SUPPLIED RECORDS:

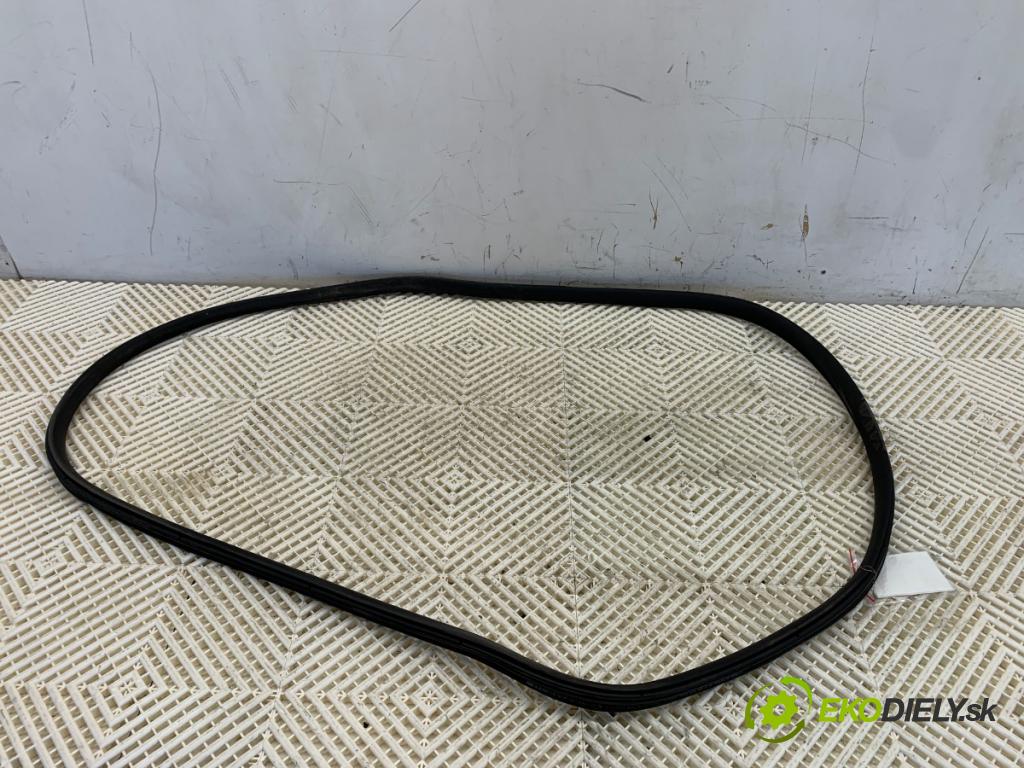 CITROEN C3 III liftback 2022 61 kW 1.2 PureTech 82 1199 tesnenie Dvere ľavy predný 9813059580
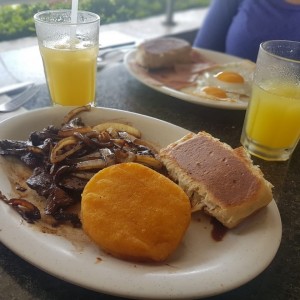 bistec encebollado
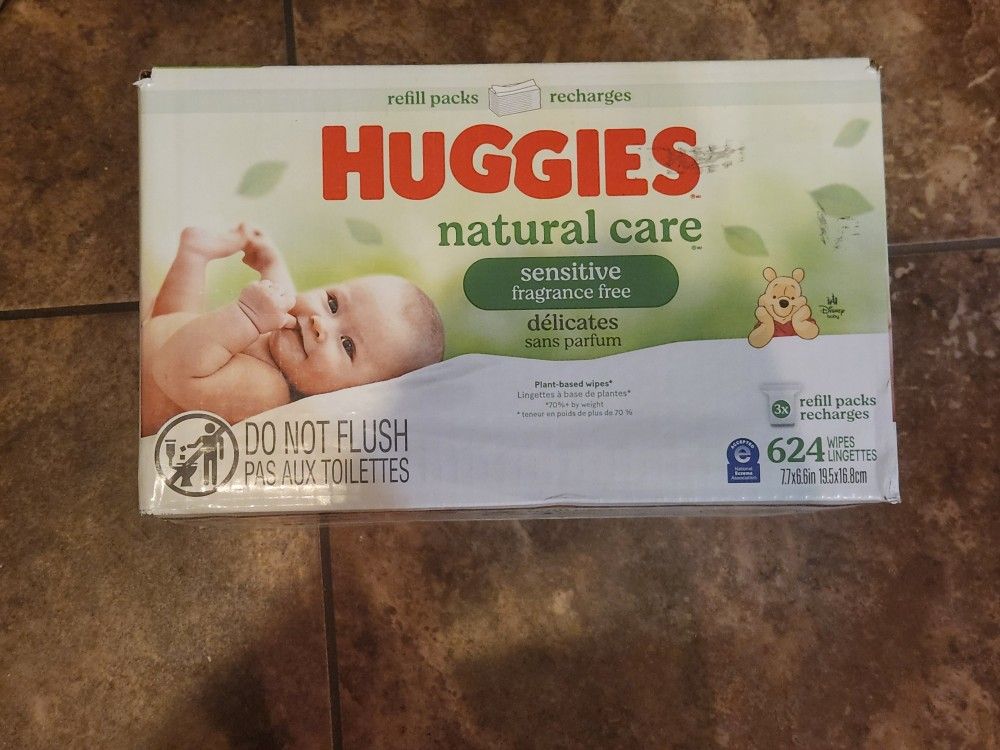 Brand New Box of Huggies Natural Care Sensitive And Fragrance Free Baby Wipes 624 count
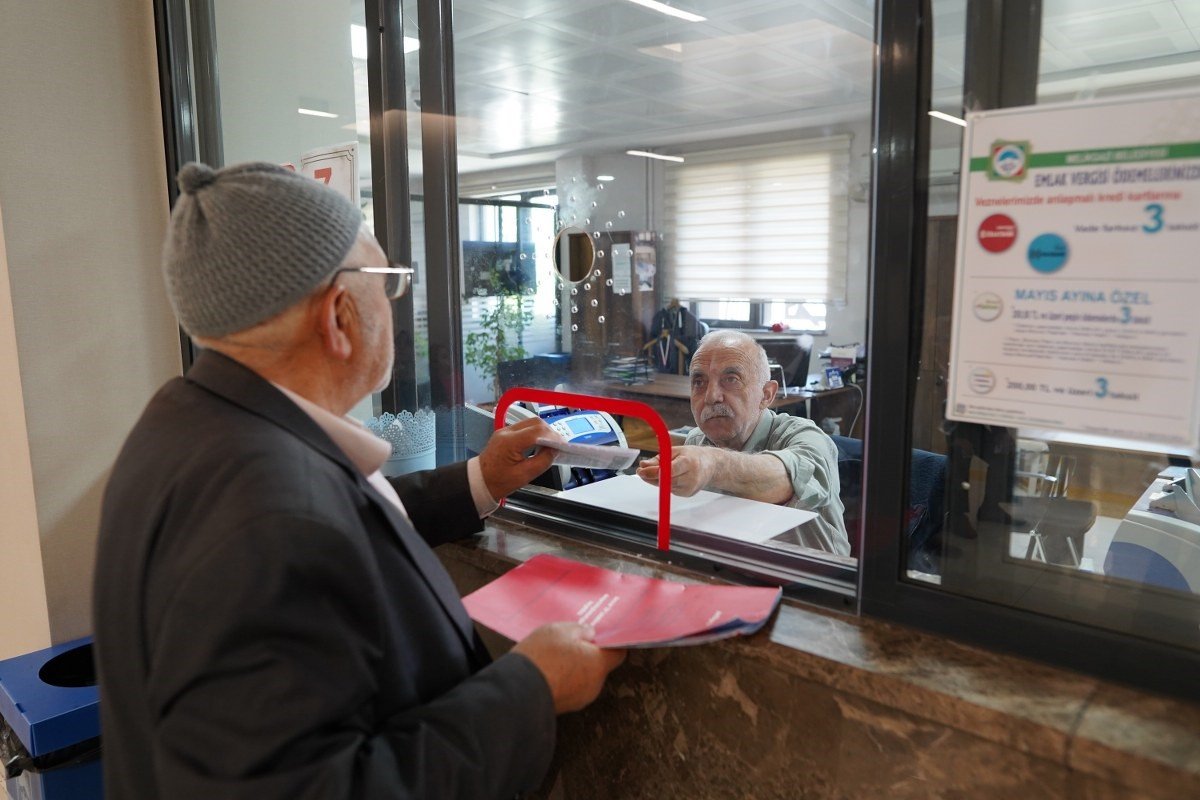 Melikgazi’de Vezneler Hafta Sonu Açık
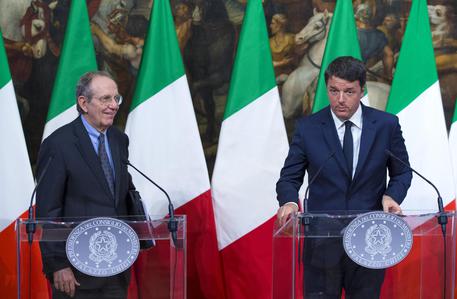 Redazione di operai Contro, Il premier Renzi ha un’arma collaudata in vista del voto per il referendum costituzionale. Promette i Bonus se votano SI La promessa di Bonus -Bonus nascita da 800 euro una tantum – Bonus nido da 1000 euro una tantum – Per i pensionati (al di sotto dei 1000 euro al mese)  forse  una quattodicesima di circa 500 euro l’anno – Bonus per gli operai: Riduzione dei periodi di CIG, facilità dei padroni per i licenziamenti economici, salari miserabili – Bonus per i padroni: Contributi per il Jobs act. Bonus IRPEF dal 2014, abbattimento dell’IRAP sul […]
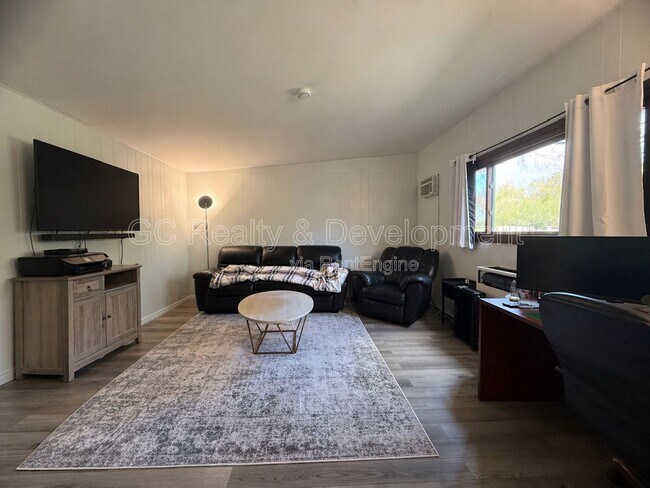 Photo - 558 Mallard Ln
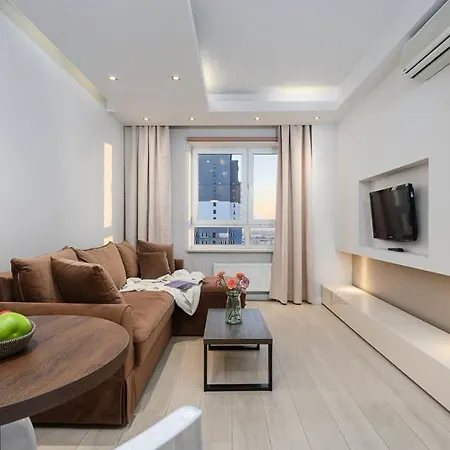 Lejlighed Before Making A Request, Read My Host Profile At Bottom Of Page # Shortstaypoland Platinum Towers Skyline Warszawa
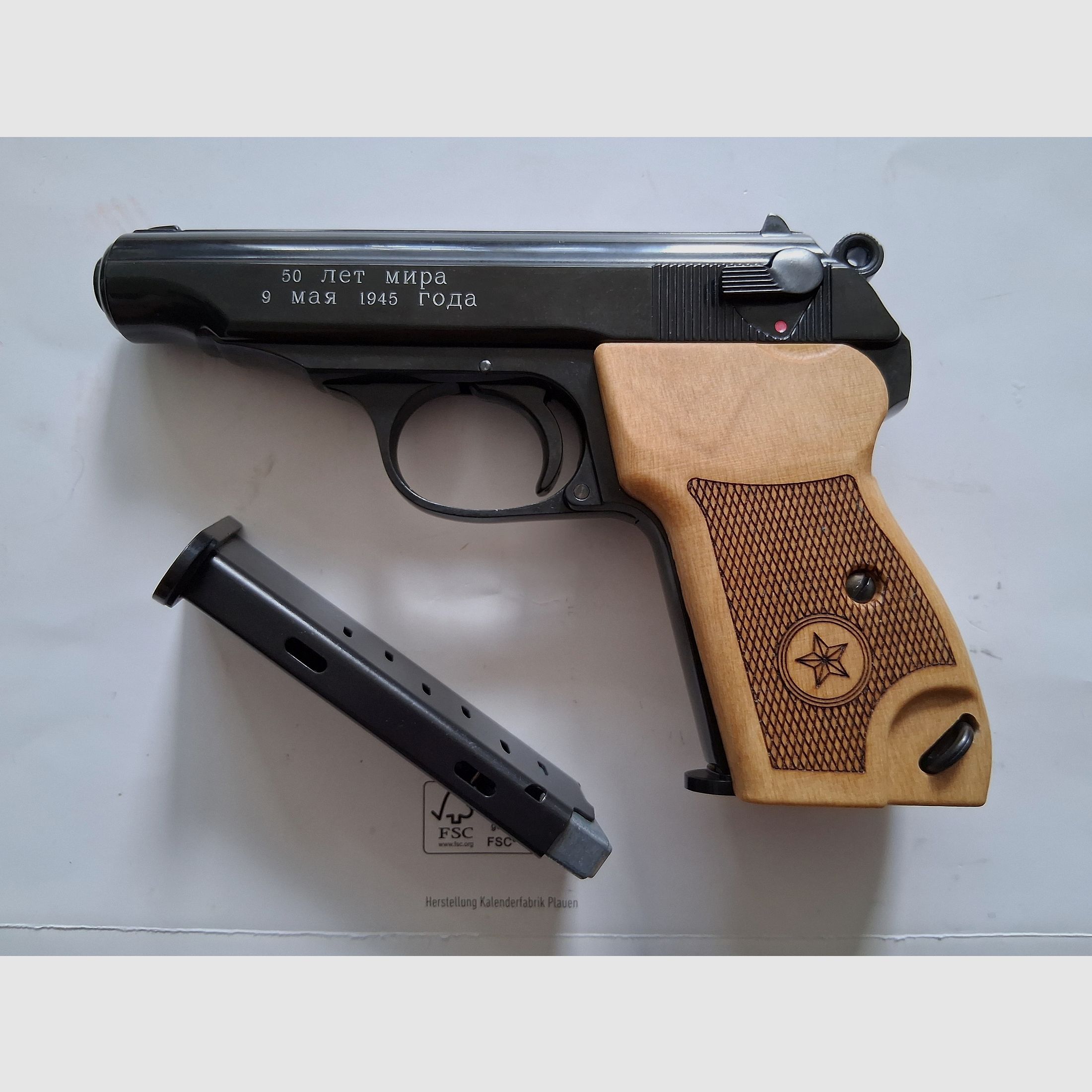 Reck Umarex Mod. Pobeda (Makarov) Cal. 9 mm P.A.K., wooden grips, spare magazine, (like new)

WHAT THIS TASK INVOLVES:
Give back the exact lines above, running from the one that has "Brand New Box" through the one that has "Melikgazi’de Vezneler Hafta Sonu Açık", with nothing added and no pictures.

SOLUTION TO THE PROBLEM:
 Brand New Box of Huggies Natural Care Sensitive And Fragrance Free Baby Wipes 624 count
 Melikgazi’de Vezneler Hafta Sonu Açık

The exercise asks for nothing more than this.